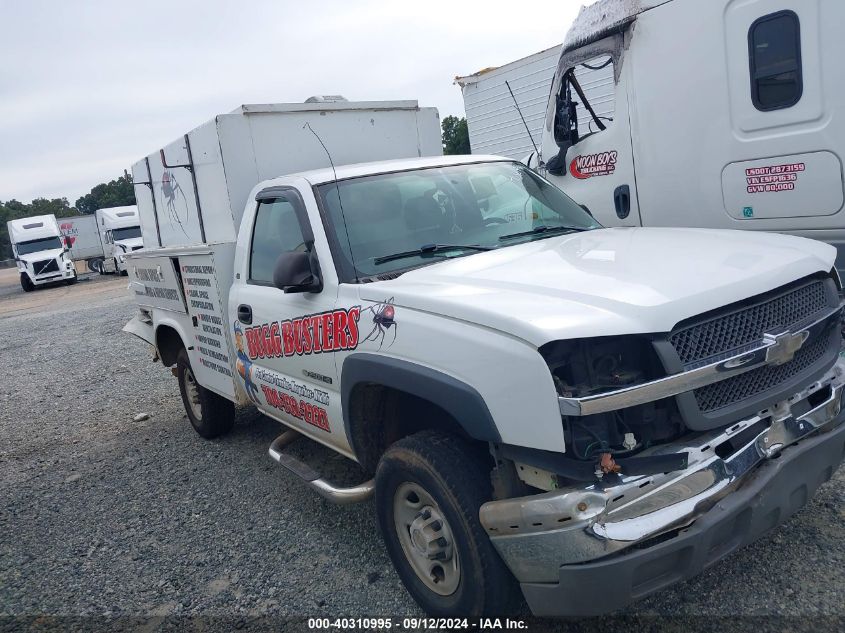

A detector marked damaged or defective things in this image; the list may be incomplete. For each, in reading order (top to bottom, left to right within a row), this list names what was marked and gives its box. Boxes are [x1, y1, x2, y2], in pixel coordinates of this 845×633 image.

damaged front bumper [478, 358, 844, 616]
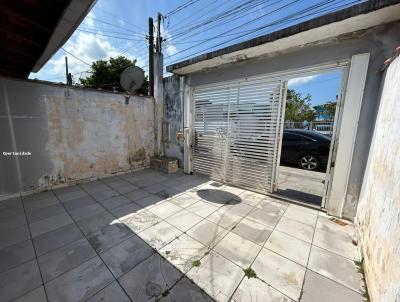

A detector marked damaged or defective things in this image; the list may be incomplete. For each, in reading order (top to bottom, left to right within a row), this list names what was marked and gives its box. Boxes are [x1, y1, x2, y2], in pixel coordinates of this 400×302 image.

peeling plaster wall [0, 76, 154, 197]
peeling plaster wall [162, 75, 184, 165]
peeling plaster wall [186, 21, 400, 219]
peeling plaster wall [356, 56, 400, 302]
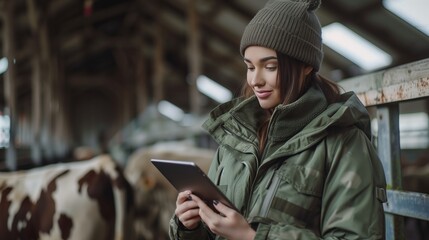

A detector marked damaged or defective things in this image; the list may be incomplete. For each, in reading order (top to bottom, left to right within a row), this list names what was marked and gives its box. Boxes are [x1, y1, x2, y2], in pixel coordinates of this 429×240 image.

rusty metal gate [338, 57, 428, 239]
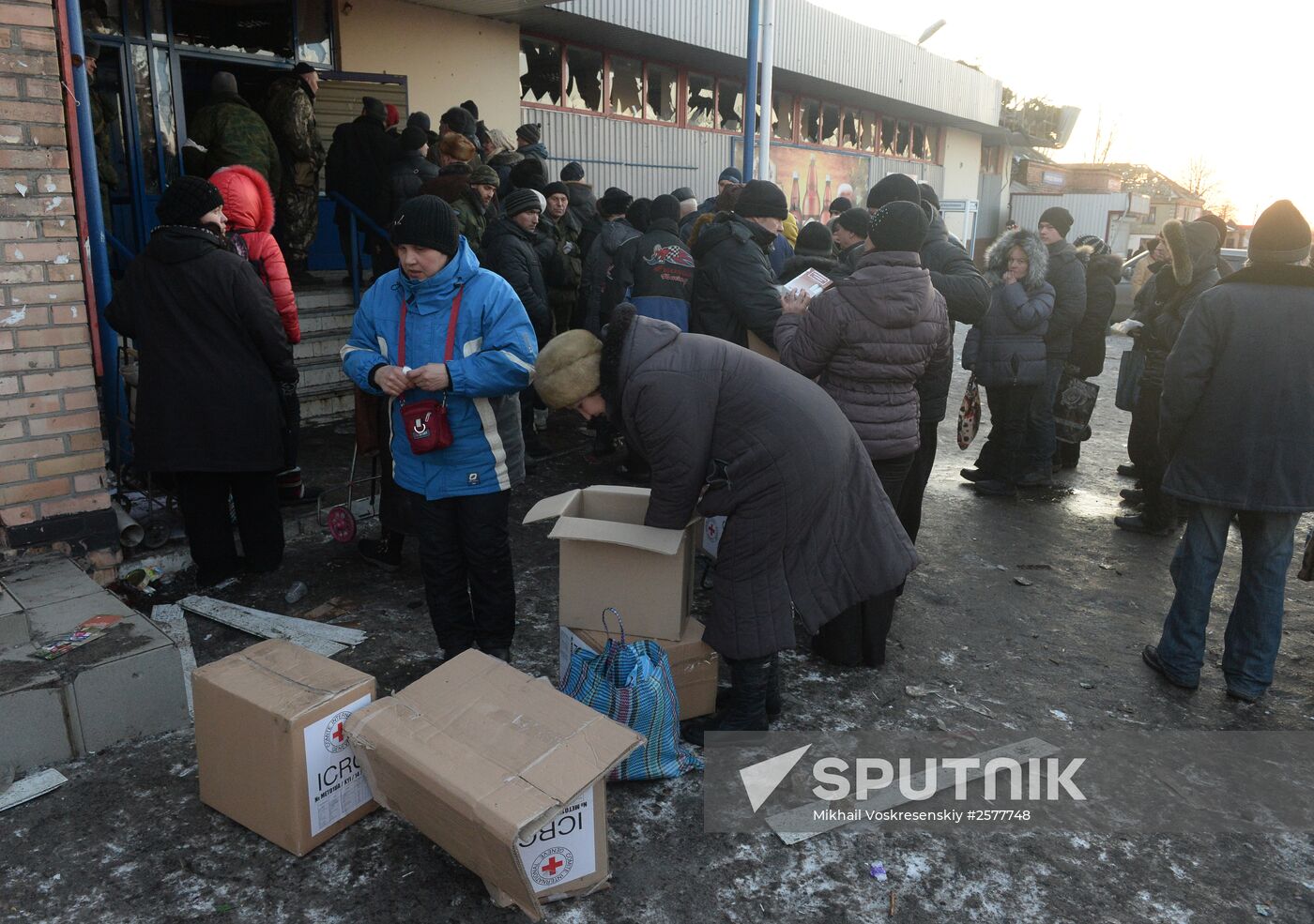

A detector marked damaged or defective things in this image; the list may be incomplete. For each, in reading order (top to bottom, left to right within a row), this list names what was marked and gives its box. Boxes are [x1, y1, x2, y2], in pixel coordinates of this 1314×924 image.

broken window [517, 37, 559, 105]
broken window [606, 55, 644, 119]
broken window [646, 63, 678, 122]
broken window [683, 74, 714, 129]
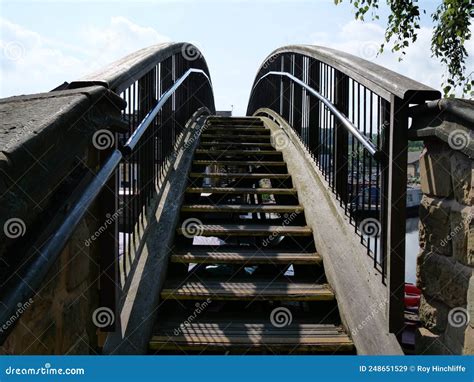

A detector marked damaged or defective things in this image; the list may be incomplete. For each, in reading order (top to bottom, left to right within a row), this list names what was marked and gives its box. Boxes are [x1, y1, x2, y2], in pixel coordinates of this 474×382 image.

rusty metal tread [159, 278, 334, 302]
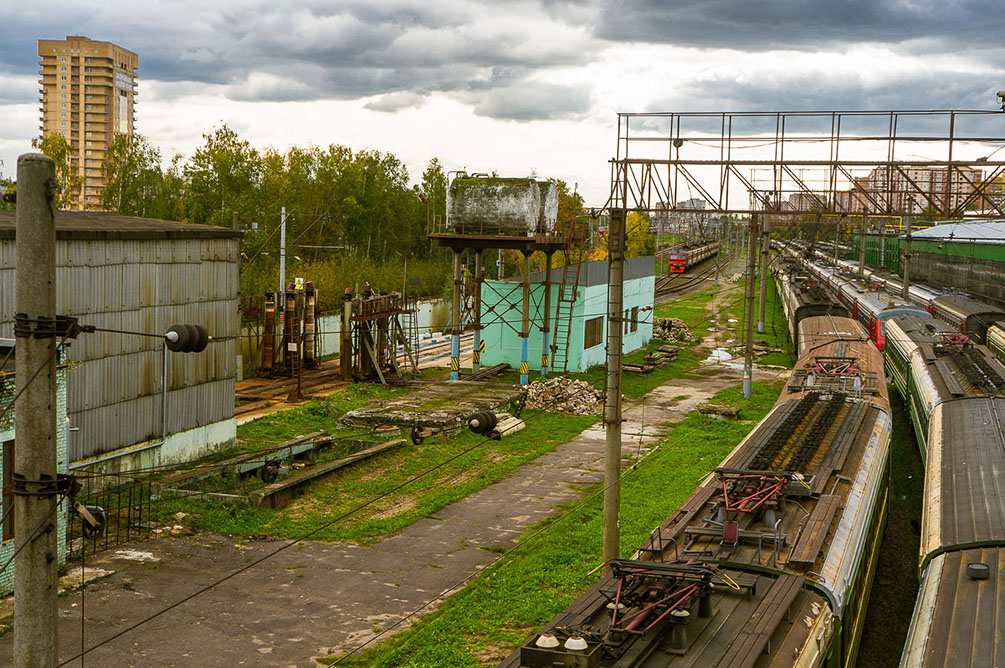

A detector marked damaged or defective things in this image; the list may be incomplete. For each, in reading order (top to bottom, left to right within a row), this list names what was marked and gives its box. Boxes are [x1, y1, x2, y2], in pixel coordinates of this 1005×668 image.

——————

▶ EXERCISE AIM: Omit the pictures and return exactly the lines from the line containing "this 474×382 image." through the final line of the material above, both ends included.

▶ OUTPUT:
A detector marked damaged or defective things in this image; the list may be incomplete. For each, in reading order (top to bottom, left to right within a row), this list names what was marked and gives its box. Boxes are [x1, y1, x2, y2], in pixel coordinates of this 474×382 image.

rusty metal tread [159, 278, 334, 302]

A detector marked damaged or defective things in this image; the list may be incomplete. For each, in reading order (top to bottom, left to right within a row), this list names what was marked and gives its box. Boxes are [x1, y1, x2, y2], in pixel coordinates of this 1005×668 image.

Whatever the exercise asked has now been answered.